**SUPPLIED DATA**
>>>
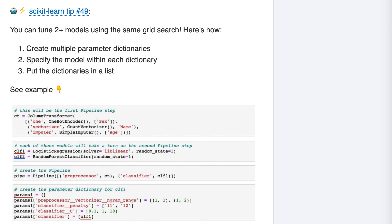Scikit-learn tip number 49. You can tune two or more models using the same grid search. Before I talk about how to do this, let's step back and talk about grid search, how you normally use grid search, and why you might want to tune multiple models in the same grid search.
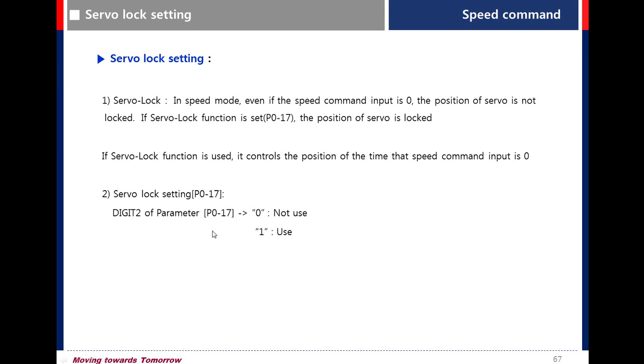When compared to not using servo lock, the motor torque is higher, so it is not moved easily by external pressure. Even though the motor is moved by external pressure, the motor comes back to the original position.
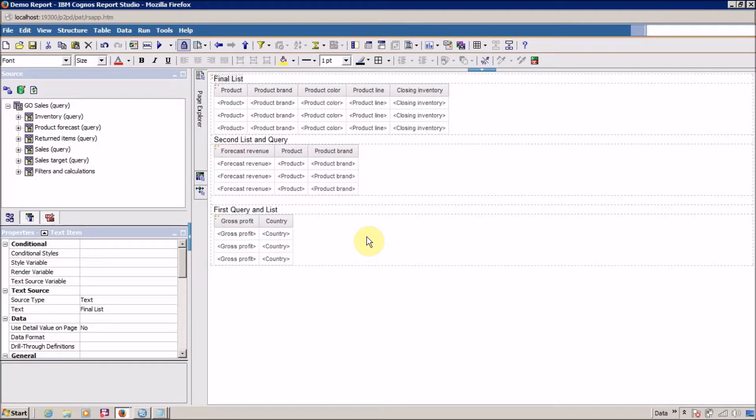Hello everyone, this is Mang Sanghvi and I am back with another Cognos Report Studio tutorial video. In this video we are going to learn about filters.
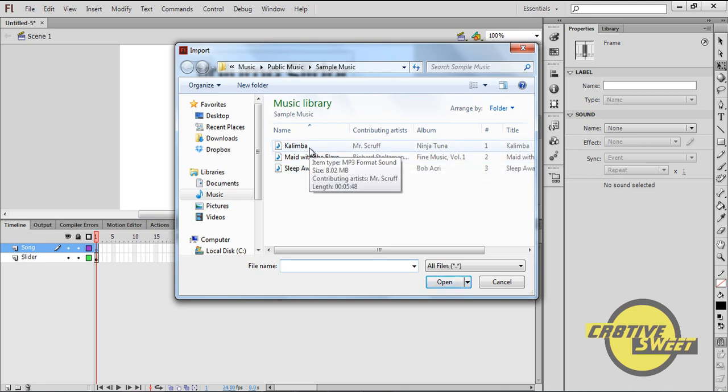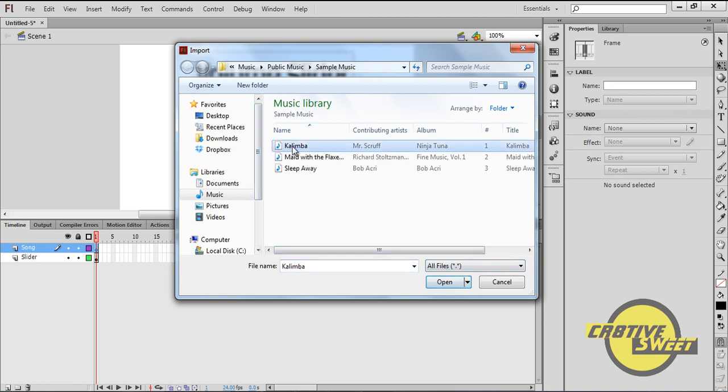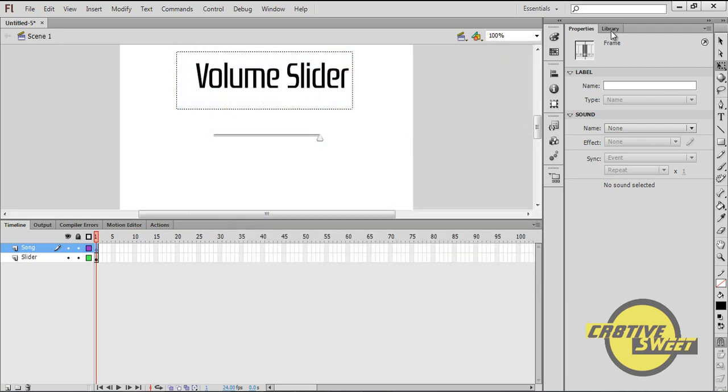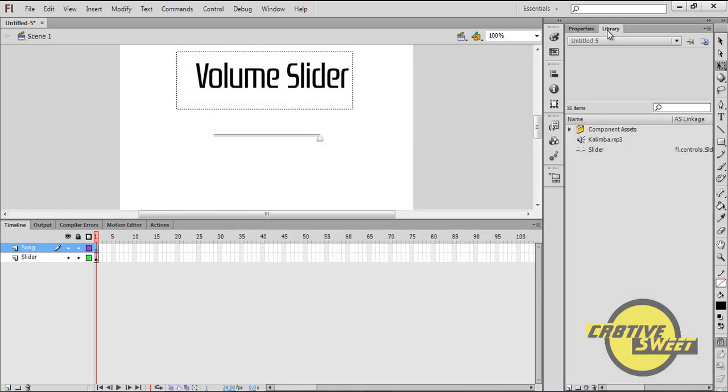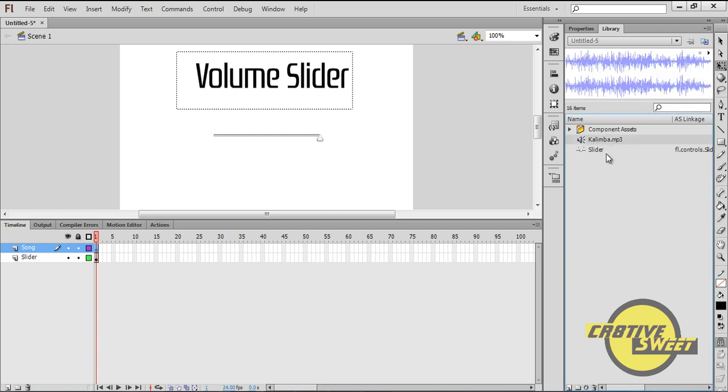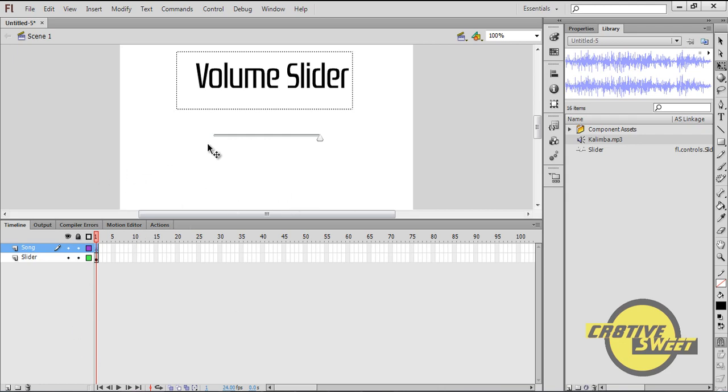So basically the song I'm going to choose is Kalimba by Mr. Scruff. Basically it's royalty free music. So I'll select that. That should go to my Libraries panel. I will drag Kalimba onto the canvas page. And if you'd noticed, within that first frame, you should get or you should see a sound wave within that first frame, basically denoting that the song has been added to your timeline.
<<<
**WHAT IS BEING ASKED**
Copy the line showing "When compared to" exactly, along with each line after it through the end of the material above. Pictures stay out.

**SOLUTION TO THIS PROBLEM**
When compared to not using servo lock, the motor torque is higher, so it is not moved easily by external pressure. Even though the motor is moved by external pressure, the motor comes back to the original position.
Hello everyone, this is Mang Sanghvi and I am back with another Cognos Report Studio tutorial video. In this video we are going to learn about filters.
So basically the song I'm going to choose is Kalimba by Mr. Scruff. Basically it's royalty free music. So I'll select that. That should go to my Libraries panel. I will drag Kalimba onto the canvas page. And if you'd noticed, within that first frame, you should get or you should see a sound wave within that first frame, basically denoting that the song has been added to your timeline.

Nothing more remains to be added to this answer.